You got that Mother Nature? I’ll even pour you one, if you can promise you will deliver spring and everything that comes with it.

Because the need to still be wearing boots, socks and mittens in mid-April makes me intolerable. Just ask the Carpenter. He spent all last weekend indoors with me during your recent ice storm and he forgot to add chips and dip to the emergency preparedness kit.

Imagine that, Mother Nature. He remembered batteries, flashlights, non-perishable groceries and fuel for the barbecue tank, which is nice and all, but let me assure you, if we’re stranded for 72 hours in the house, your survival and mine depends on chip dip.  Cabin fever requires snacks.

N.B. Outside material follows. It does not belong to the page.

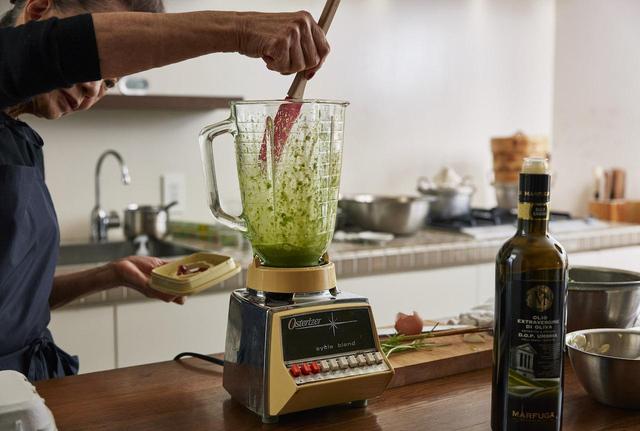 画像: ３ ２を全体が混ざるように撹拌する。途中、ミキサーの内側についたものを数回、ゴムベラで落とす。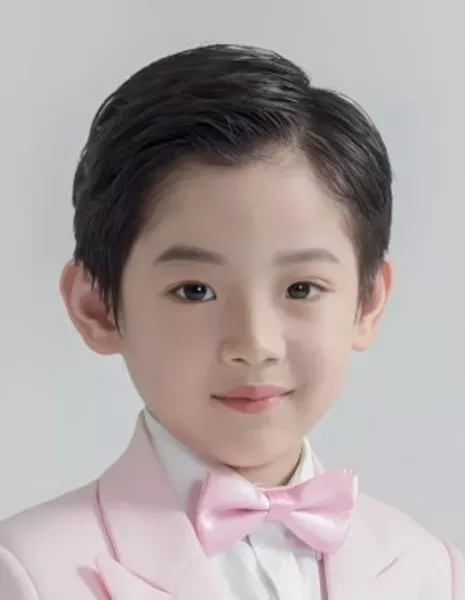 Хуан Яо Хун / Huang Yao Hong / 黄耀鸿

Thank goodness for the Carpenter’s mistress, the iPad, because otherwise he would have had to endure two days of conversation with me, now that he couldn’t bribe me with a food distraction. You can’t fault me for annoying him. I tried. Often.

Sometimes he would look up from his flat-screen, as if to fake enthusiasm for whatever I was saying, which essentially meant the mistress had lost her charge. It was temporary. He would plug her back in and eventually return to his virtual solitude, while I ate gluten-free crackers. Blech.

It wasn’t until Monday morning that my Carpenter smiled. That’s the day your ice storm closed schools and job sites. He got up early to shovel the driveway to make good and sure I went to work that day.

He cleared a path from the front door of the house right to my car, chiseling the thick ice and snow all around my vehicle, so I could back out safely.

He even started my car, defrosted the windows and had the heat on inside so it was all toasty warm. He even checked my gas gauge to be sure I could make a return trip without issue (because he thinks no woman alive knows not to let her gas tank dip below a quarter tank. I showed him.).

And before you say “ah, isn’t that so sweet,” let me assure you that this good deed was more about his determination to get rid of me than it was about chivalry.

I know this for a fact, because I heard him singing aloud, merrily off-key, while shoveling mounds of snow and ice. He was working hard, his big cranium bobbing around beneath a Quebec Nordiques toque with a ridiculous pompom on the top, clashing with his Seattle Seahawks gloves and his fluorescent orange work jacket. He was singing in the freezing rain like some happy-go-lucky fellow who wasn’t going to work that day, but was quite happy I was.

As I drove off into the slushy streets, he stood smiling and waving, disappearing in the rearview mirror. With all my might, I wished for a power outage that day so the mistress would flat line. It didn’t happen.

You owe me, Mother Nature.  You owe me big time. Patio season. Bring it.